== Segment start ==

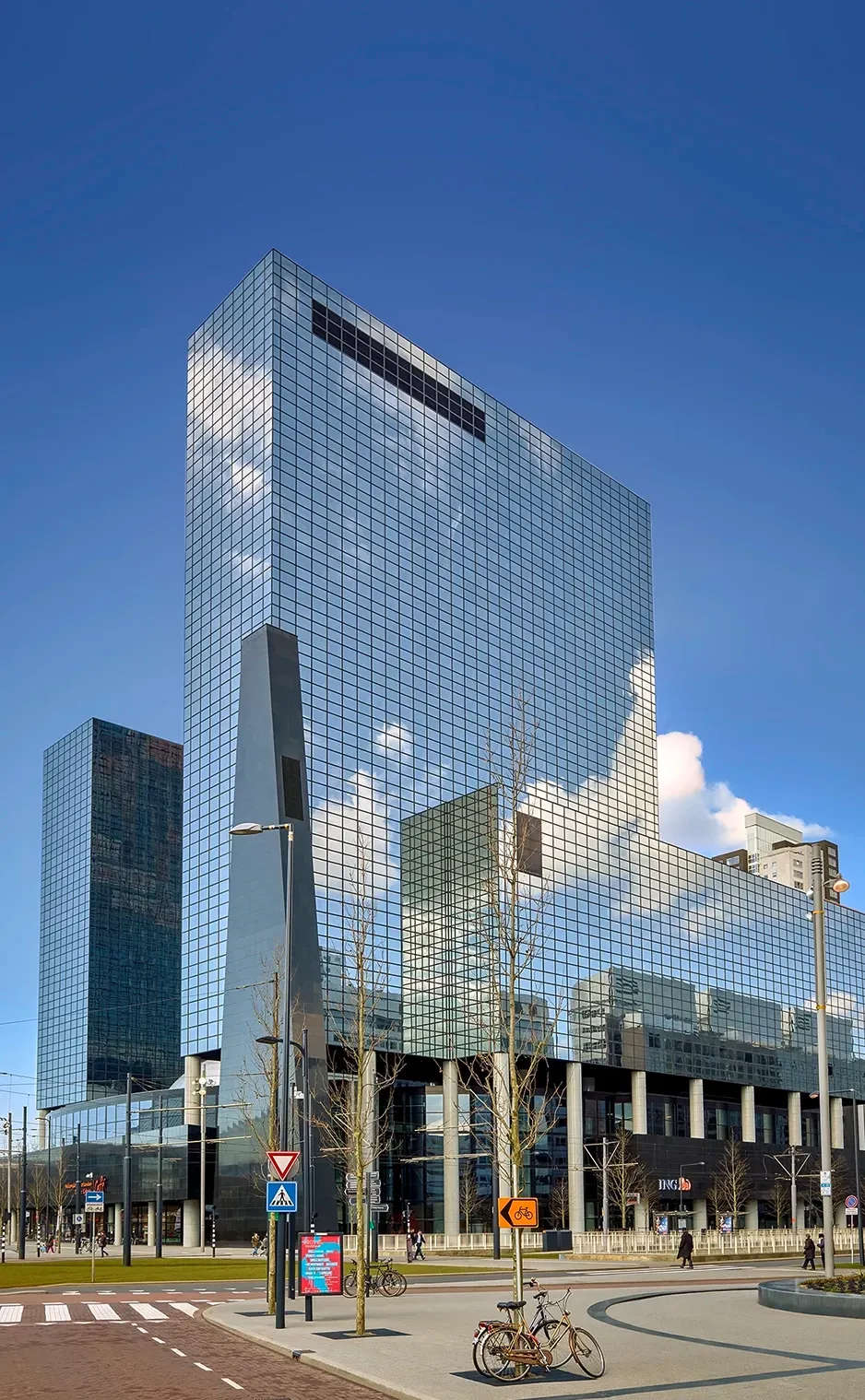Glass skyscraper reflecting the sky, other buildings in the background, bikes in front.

== Segment end ==
== Segment start ==

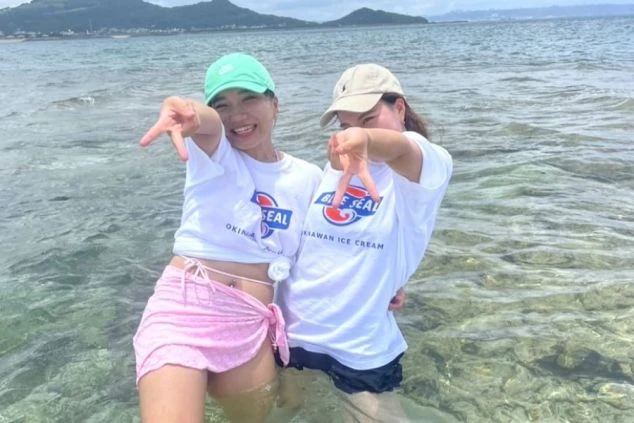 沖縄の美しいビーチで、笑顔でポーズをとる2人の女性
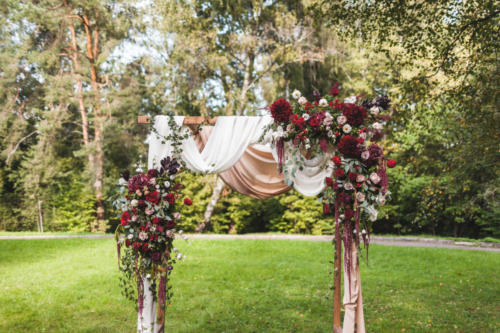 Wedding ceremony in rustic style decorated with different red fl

== Segment end ==
== Segment start ==

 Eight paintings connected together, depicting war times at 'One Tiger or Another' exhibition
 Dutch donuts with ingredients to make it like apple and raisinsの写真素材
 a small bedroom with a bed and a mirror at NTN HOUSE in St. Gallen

== Segment end ==

(Required work): For this exercise, please set down exactly the lines of the listing above from the line with "沖縄の美しいビーチで、笑顔でポーズをとる2人の女性" up to and including the line with "Wedding ceremony in", and no pictures.

(Response area):
 沖縄の美しいビーチで、笑顔でポーズをとる2人の女性
 Wedding ceremony in rustic style decorated with different red fl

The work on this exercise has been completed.